Von besonderer Bedeutung sind die wirtschaftlichen Verflechtungen der deutschen Wirtschaft mit den vier Visegradländern Polen, die Slowakei, Tschechien und Ungarn. Noch größer ist die Abhängigkeit dieser Länder von der deutschen Wirtschaft. Deutschland war etwa 2021 Lieferland Nummer eins für Ungarn. Die Bundesrepublik hält allein einen Anteil von rund 24 Prozent an den ungarischen Importen. Im gesamten deutschen Außenhandel hat Ungarn inzwischen das sanktionierte Russland überholt. Von vergleichbarer Bedeutung sind Polen, die Slowakei und Tschechien. Für die deutsche Automobilindustrie sind die Produktionsstandorte in der Slowakei und in Ungarn von zentraler Bedeutung. Ohne sie wäre sie weltweit nicht konkurrenzfähig.

Ausschlaggebend für die hohe Investitionsbereitschaft dort sind niedrige Löhne, schwache Sozialleistungen, kampfunfähige Gewerkschaften, aber auch niedrige Umweltstandards.
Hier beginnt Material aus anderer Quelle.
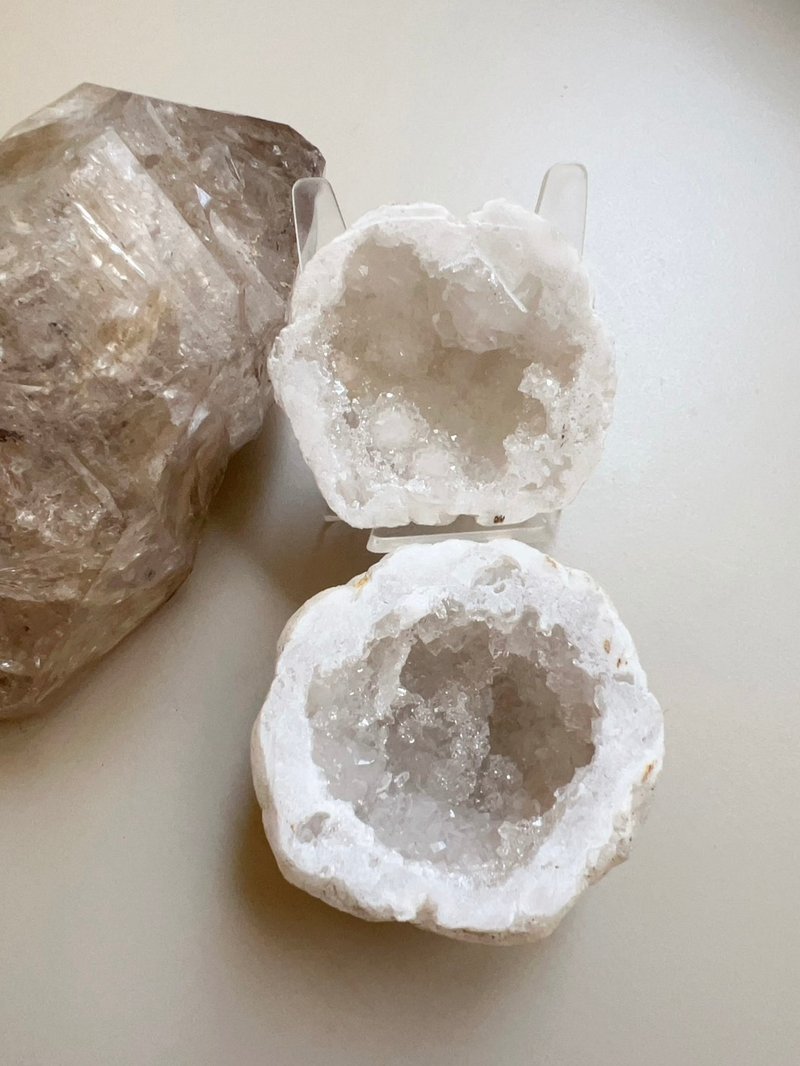 摩洛哥白水晶聚寶盆S-3 - 擺飾/家飾品 - 水晶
In der Frankfurter Allgemeinen Zeitung (FAZ) konnte man kürzlich lesen: „Das Gefühl, alles hängt von China ab, entspricht nicht der gesamtwirtschaftlichen Realität“, (…). „2,7 Prozent unseres Bruttoinlandsprodukts hängen von der chinesischen Endnachfrage ab. In die vier Visegrad-Staaten Polen, Tschechien, Slowakei und Ungarn exportieren wir zusammen mehr als nach China.“ [2]

Die östlichen EU-Staaten sich aber auch wichtige Herkunftsländer für die Arbeitsmigration. Es findet ein massiver Brain drain von dort statt – vor allem bei medizinischem Personal. Garantiert wird er durch den freien Personenverkehr, einer der vier Grundfreiheiten der Union.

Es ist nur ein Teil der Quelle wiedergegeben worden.